In Brief: The Panic Pandemic
Fearmongering from journalists, scientists, and politicians did more harm than the virus.
“The United States suffered through two lethal waves of contagion in the past year and a half,” says John Tierney of City Journal. “The first was a viral pandemic that killed about one in 500 Americans — typically, a person over 75 suffering from other serious conditions. The second, and far more catastrophic, was a moral panic that swept the nation’s guiding institutions.”
The panic was started, as usual, by journalists. As the virus spread early last year, they highlighted the most alarming statistics and the scariest images: the estimates of a fatality rate ten to 50 times higher than the flu, the chaotic scenes at hospitals in Italy and New York City, the predictions that national health-care systems were about to collapse. The full-scale panic was set off by the release in March 2020 of a computer model at the Imperial College in London, which projected that — unless drastic measures were taken — intensive-care units would have 30 Covid patients for every available bed and that America would see 2.2 million deaths by the end of the summer.

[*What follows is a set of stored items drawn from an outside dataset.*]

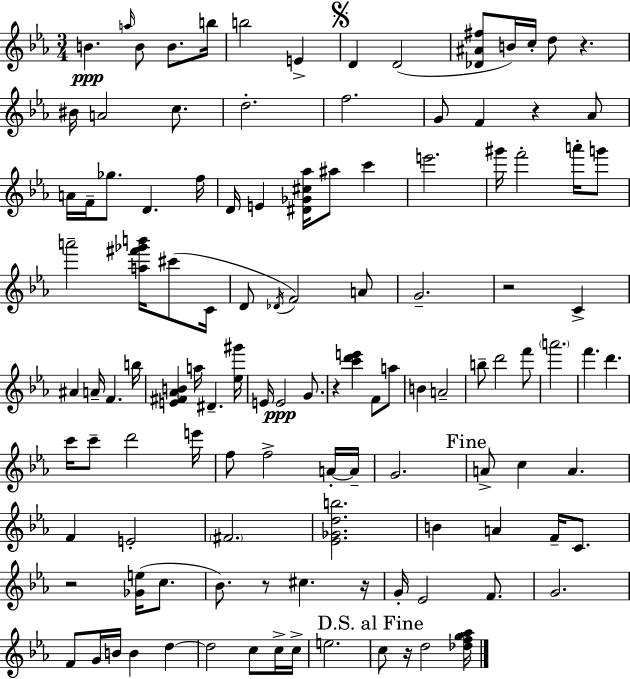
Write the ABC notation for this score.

X:1
T:Untitled
M:3/4
L:1/4
K:Eb
B a/4 B/2 B/2 b/4 b2 E D D2 [_D^A^f]/2 B/4 c/4 d/2 z ^B/4 A2 c/2 d2 f2 G/2 F z _A/2 A/4 F/4 _g/2 D f/4 D/4 E [^D_G^c_a]/4 ^a/2 c' e'2 ^g'/4 f'2 a'/4 g'/2 a'2 [a^f'_g'b']/4 ^c'/2 C/4 D/2 _D/4 F2 A/2 G2 z2 C ^A A/4 F b/4 [E^F_AB] a/4 ^D [_e^g']/4 E/4 E2 G/2 z [c'd'e'] F/2 a/2 B A2 b/2 d'2 f'/2 a'2 f' d' c'/4 c'/2 d'2 e'/4 f/2 f2 A/4 A/4 G2 A/2 c A F E2 ^F2 [_E_Gdb]2 B A F/4 C/2 z2 [_Ge]/4 c/2 _B/2 z/2 ^c z/4 G/4 _E2 F/2 G2 F/2 G/4 B/4 B d d2 c/2 c/4 c/4 e2 c/2 z/4 d2 [_dfg_a]/4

The British researchers announced that the “only viable strategy” was to impose draconian restrictions on businesses, schools, and social gatherings until a vaccine arrived.
This extraordinary project was swiftly declared the “consensus” among public-health officials, politicians, journalists, and academics. Anthony Fauci, director of the National Institute of Allergy and Infectious Diseases, endorsed it and became the unassailable authority for those purporting to “follow the science.” What had originally been a limited lockdown — “15 days to slow the spread” — became long-term policy across much of the United States and the world.

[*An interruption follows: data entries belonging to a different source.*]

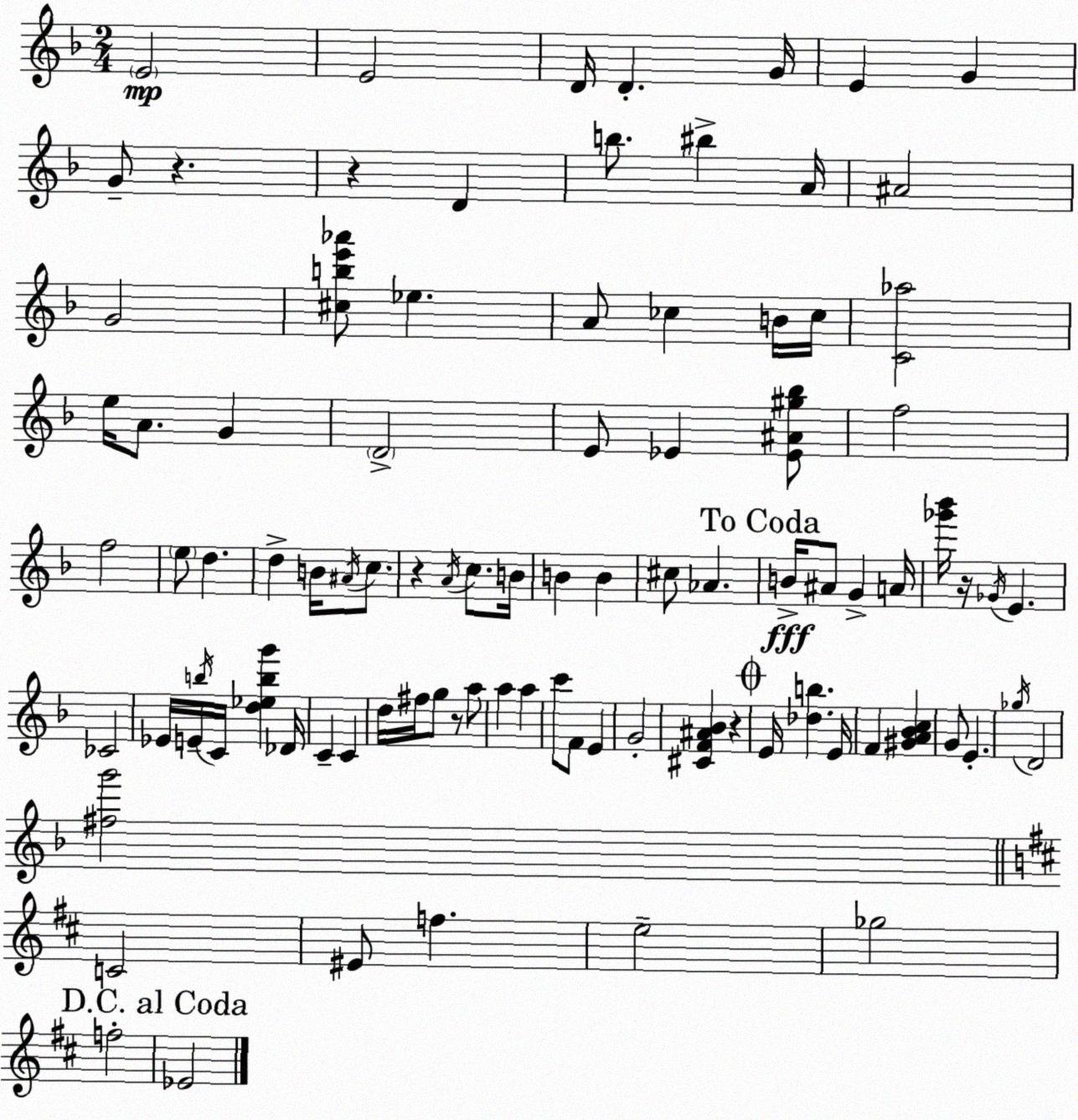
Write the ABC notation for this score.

X:1
T:Untitled
M:2/4
L:1/4
K:F
E2 E2 D/4 D G/4 E G G/2 z z D b/2 ^b A/4 ^A2 G2 [^cbe'_a']/2 _e A/2 _c B/4 _c/4 [C_a]2 e/4 A/2 G D2 E/2 _E [_E^A^g_b]/2 f2 f2 e/2 d d B/4 ^A/4 c/2 z A/4 c/2 B/4 B B ^c/2 _A B/4 ^A/2 G A/4 [_g'_b']/4 z/4 _G/4 E _C2 _E/4 E/4 b/4 C/4 [d_ebg'] _D/4 C C d/4 ^f/4 g/2 z/2 a/2 a a c'/2 F/2 E G2 [^CF^A_B] z E/4 [_db] E/4 F [^GA_Bc] G/2 E _g/4 D2 [^fg']2 C2 ^E/2 f e2 _g2 f2 _E2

Tierney then recounts numerous examples of media figures helping scientists attack other scientists over COVID and the response to it. He reminds us that Big Tech censored sensible but alternative prescriptions like those of the Great Barrington Declaration.
Why the elite panic? Why did so many go so wrong for so long? When journalists and scientists finally faced up to their mistake in ruling out the lab-leak theory, they blamed their favorite villain: Donald Trump. He had espoused the theory, so they assumed it must be wrong. And since he disagreed at times with Fauci about the danger of the virus and the need for lockdowns, then Fauci must be right, and this was such a deadly plague that the norms of journalism and science must be suspended. Millions would die unless Fauci was obeyed and dissenters were silenced.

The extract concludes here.